Parents Must Be Open With Their Teenage Driver About the Risks of Drunk Driving
Teenagers are cursed with an invincible mentality, where they hear how dangerous drinking and driving is. Yet, they believe these horrible situations would never happen to them. Peer pressure certainly does not help this. However, as a parent, you have the responsibility to start a conversation about teenage drunk driving early on, set some rules and reduce the risk by doing the following.

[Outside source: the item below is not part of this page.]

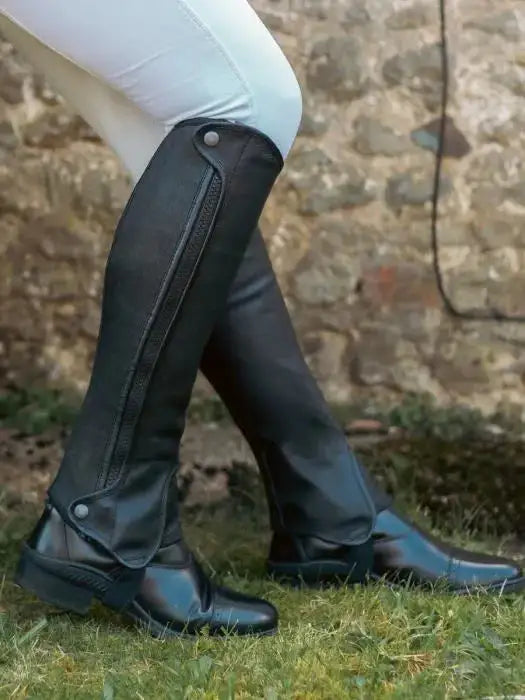 Breaking in Your Horse Riding Boots: 7 Rider-Tested Tips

- Set some rules, lay out your expectations and make sure you communicate the consequences if your teenager breaks the rules
- Be consistent in enforcing the rules you’ve laid out for your teen
- Set several times for your teenagers to check in while they’re out
- Communicate with other parents throughout the evening
- Make yourself available to help make it easier for your teen to leave a party if alcohol is present
- Make sure your teenager is comfortable with calling you for help getting a ride home
- Ask who your teen will be with while they’re out, what they’re doing, when they will be back and how they plan on returning home
Our Maryland Personal Injury Lawyers Can Help
It can be awkward to think about what you want to say to your young one about drunk driving, but it’s something each parent must do in order to help educate kids on the risks for injury and death. Studies have proven children who grow up in no-use households with strong messages are less likely to drive after consuming drugs and alcohol.